[[ RECORDS PROVIDED, beginning ]]

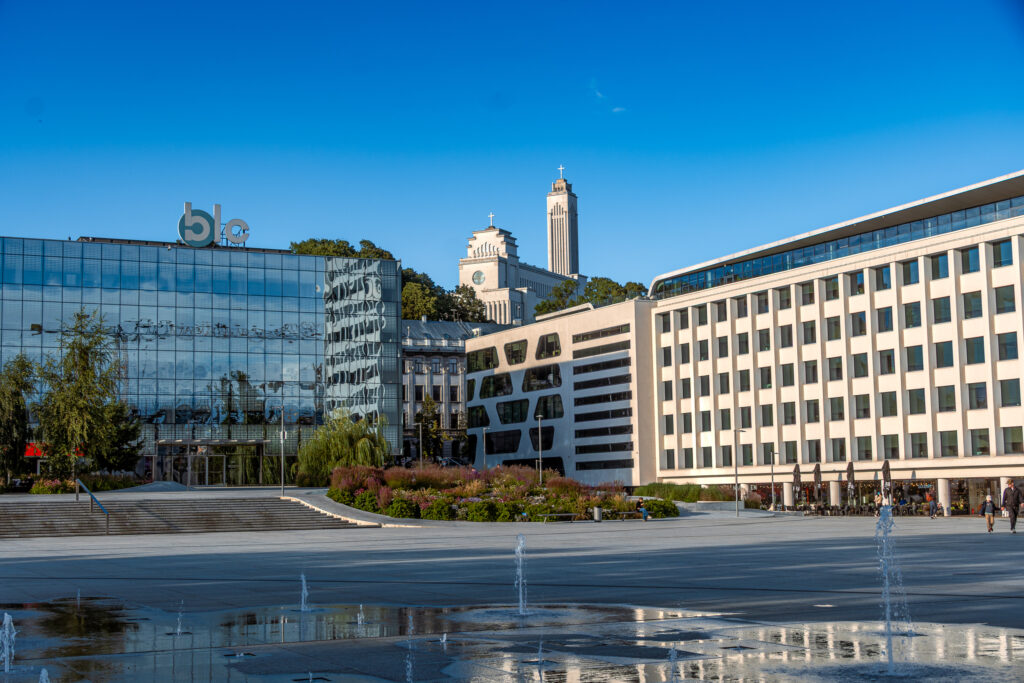 Da oben versteckt sich noch eine riesige Kirche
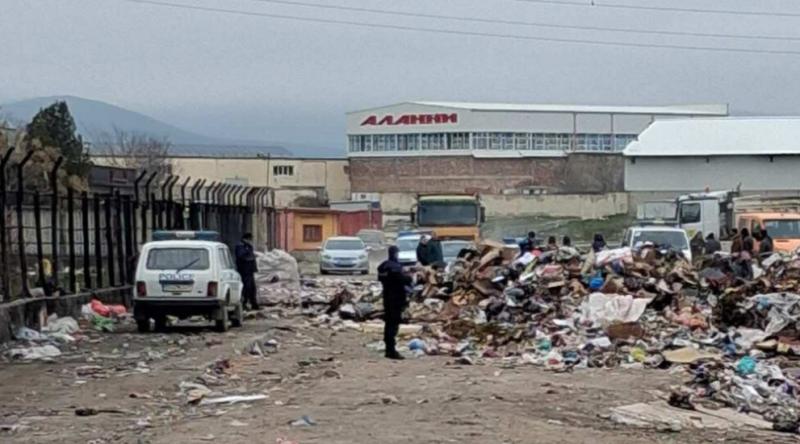 Откриха мъртво бебе в кашон на сметище в Сливен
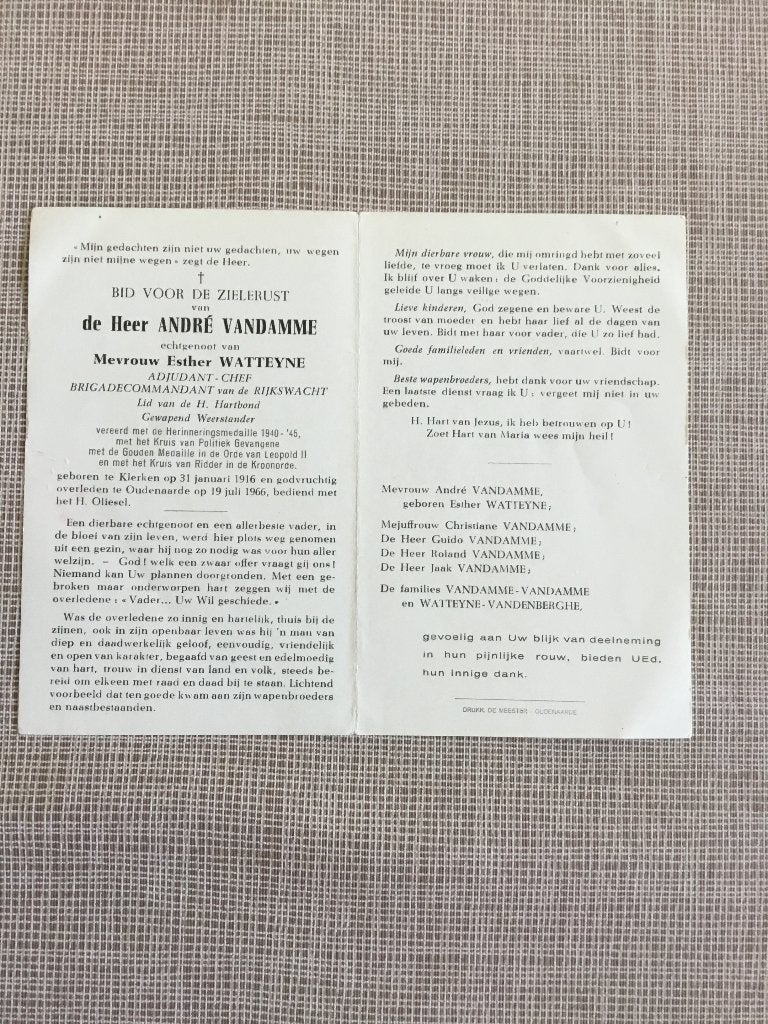 Rijkswachter Vandamme Klerken +Oudenaarde 1966. Watteyne, Verzamelen, Bidprentjes en Rouwkaarten, Verzenden, Bidprentje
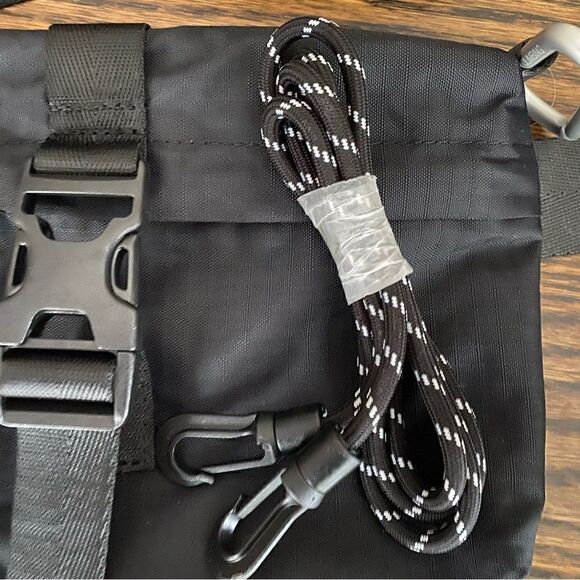 Athleta Oslo Crossbody Waistbag Black - Picture 4 of 5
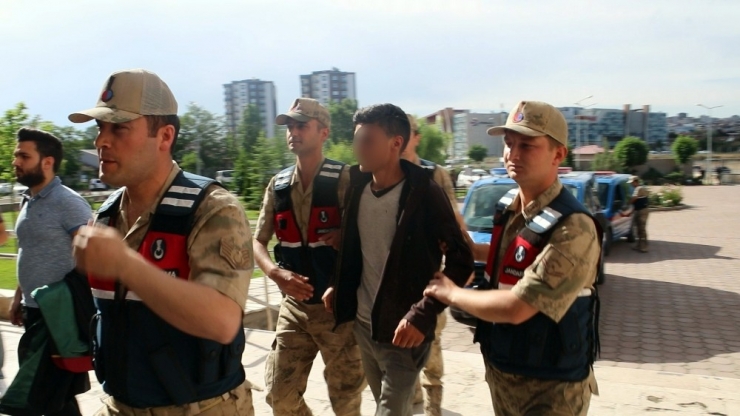 Cinayet Zanlıları Hakim Karşısında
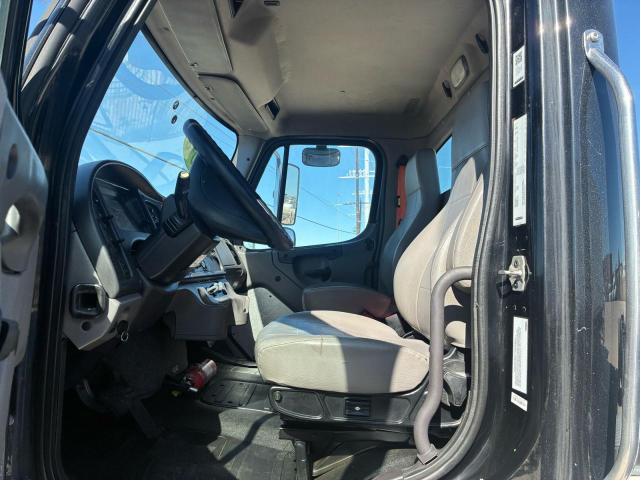 Foto 6 de la subasta – 2018 FREIGHTLINER M2 con VIN 3ALACXFC2JDJZ5909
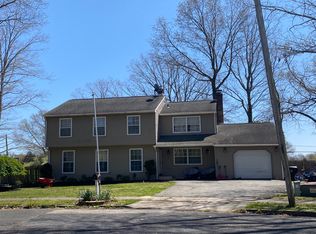 2 Dove Ct, Sicklerville, NJ 08081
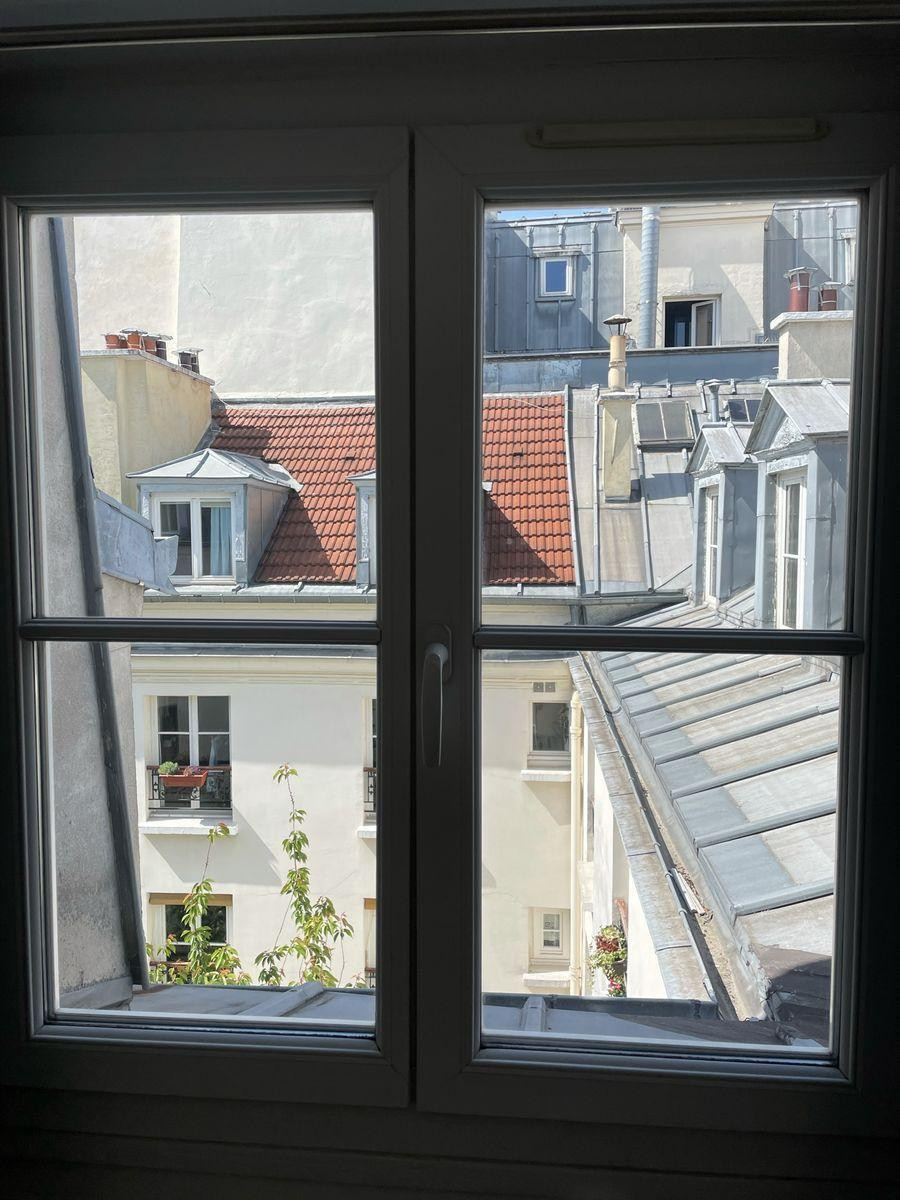 
                                                Location
                                                 Lumineux 2 pièces au calme sous les toits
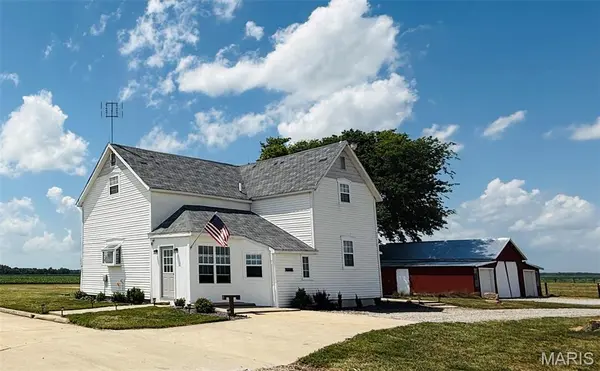 5599 County Highway 21, Nashville, IL 62263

[[ RECORDS PROVIDED, end ]]

- WHAT YOU NEED TO DO -
Output every entry above exactly, minus the pictures.

- RESULT OF THE TASK -
 Da oben versteckt sich noch eine riesige Kirche
 Откриха мъртво бебе в кашон на сметище в Сливен
 Rijkswachter Vandamme Klerken +Oudenaarde 1966. Watteyne, Verzamelen, Bidprentjes en Rouwkaarten, Verzenden, Bidprentje
 Athleta Oslo Crossbody Waistbag Black - Picture 4 of 5
 Cinayet Zanlıları Hakim Karşısında
 Foto 6 de la subasta – 2018 FREIGHTLINER M2 con VIN 3ALACXFC2JDJZ5909
 2 Dove Ct, Sicklerville, NJ 08081
                                                Location
                                                 Lumineux 2 pièces au calme sous les toits
 5599 County Highway 21, Nashville, IL 62263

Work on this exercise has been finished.